Pakistan and Tajikistan are two countries that are only 10 mi apart at their closest point. The Wakhan Corridor is a narrow strip of territory in northeastern Afghanistan that extends to China and separates Tajikistan from Pakistan.

==History of relations==
Relations between the two states were established when the republic of Tajikistan became independent following the collapse of the USSR. Trade and cooperation has steadily grown between the two nations, with several summits being held on how to improve bilateral trade. In March 2008 Said Saidbaig, the Tajik Ambassador, announced that his country would be able to export cheap electricity to Pakistan and Iran.

In 2019, Pakistan announced visa-on-arrival facilities for Tajik passport holders.

==Tajiks in Pakistan==
There are at least 1.8 million Tajiks living in Pakistan. In recent years, many Tajiks from Tajikistan have settled in Pakistan due to the economic conditions prevalent in their home country, many have settled in the northern city of Ishkuman. In 1979, with the invasion by the Soviet Union of Afghanistan, a large number of Tajik refugees from that country came and settled throughout Pakistan. Exact numbers are difficult to ascertain as many don't have official identity cards or are counted as being Chitrali or Gilgiti in official census figures. There also large number of Tajiks from Afghanistan that have settled in Pakistan permanently. Many Tajik refugees from Tajikistan lived in Pakistan and some of them returned to Tajikistan.

==Strategic commitments==
In November 2015, a meeting was held at Governor house Islamabad, the Tajik President and Pakistani Prime Minister affirmed plans to connect Pakistan and Tajikistan through road networks, such as from Chitral-Ishkashim-Dushanbe. In June 2021, President of Tajikistan visited Pakistan on the request of Pakistan's Prime Minister and both countries signed memorandums of understanding (MOU) for cooperation in various sectors, including the sale of Pakistan-manufactured arms to Tajikistan.

On September 17, 2021 Prime Minister of Pakistan, Imran Khan, announced that Pakistan will upgrade the bilateral relations to the level of a long-term strategic partnership.

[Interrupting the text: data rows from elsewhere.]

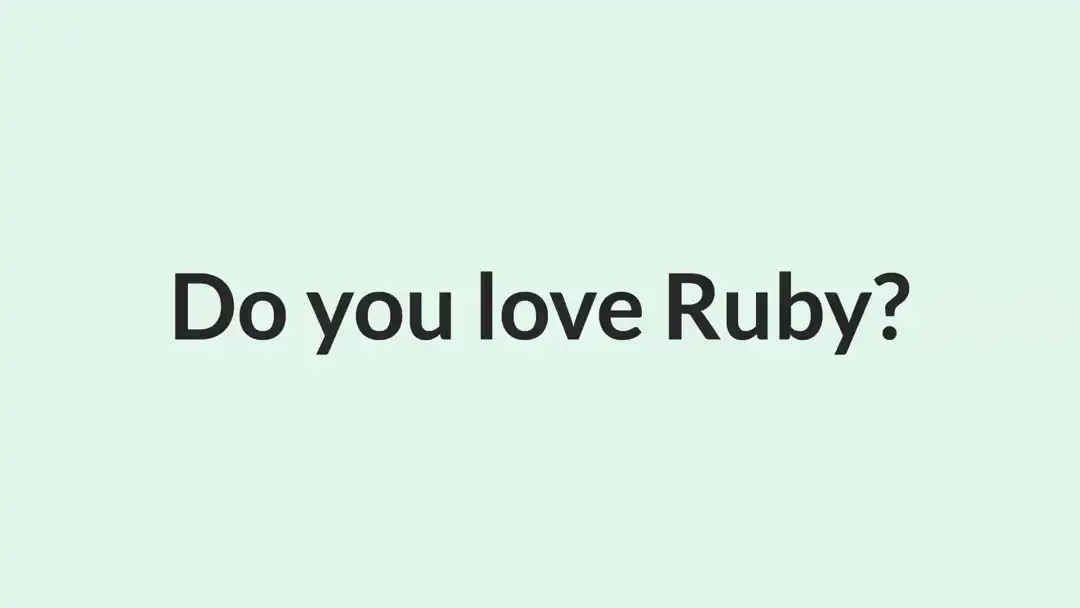 talk by Noel Rappin: Does Ruby Love Me Back?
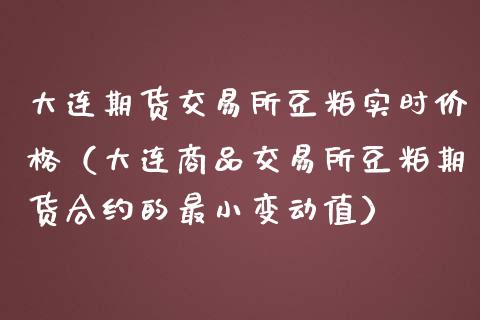 大连期货交易所豆粕实时价格（大连商品交易所豆粕期货合约的最小变动值）_https://www.boyangwujin.com_期货直播间_第1张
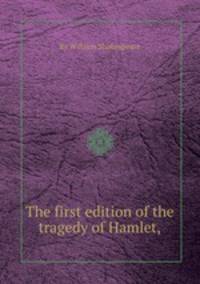The first edition of the tragedy of Hamlet,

In this regard, the two leaders further agreed to work towards signing of a Strategic Partnership Agreement. The leaders accorded particular focus on further strengthening of reliable and constructive high-level contacts, inter-parliamentary ties, defence and security relations between the two countries.

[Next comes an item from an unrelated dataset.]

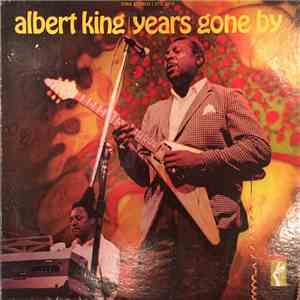 Albert King - Years Gone By FLAC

The two leaders underscored the importance of expansion of mutually beneficial economic and trade cooperation, improvement of investment and trade environment between the two countries.

== Cultural relations ==

Upper Chitral District, due to its proximity to Tajikistan, shares substantial cultural similarities

During the Soviet era, Tajik and Pakistani intellectuals collaborated on themes of anti-colonialism, drawing from their shared Persianate heritage.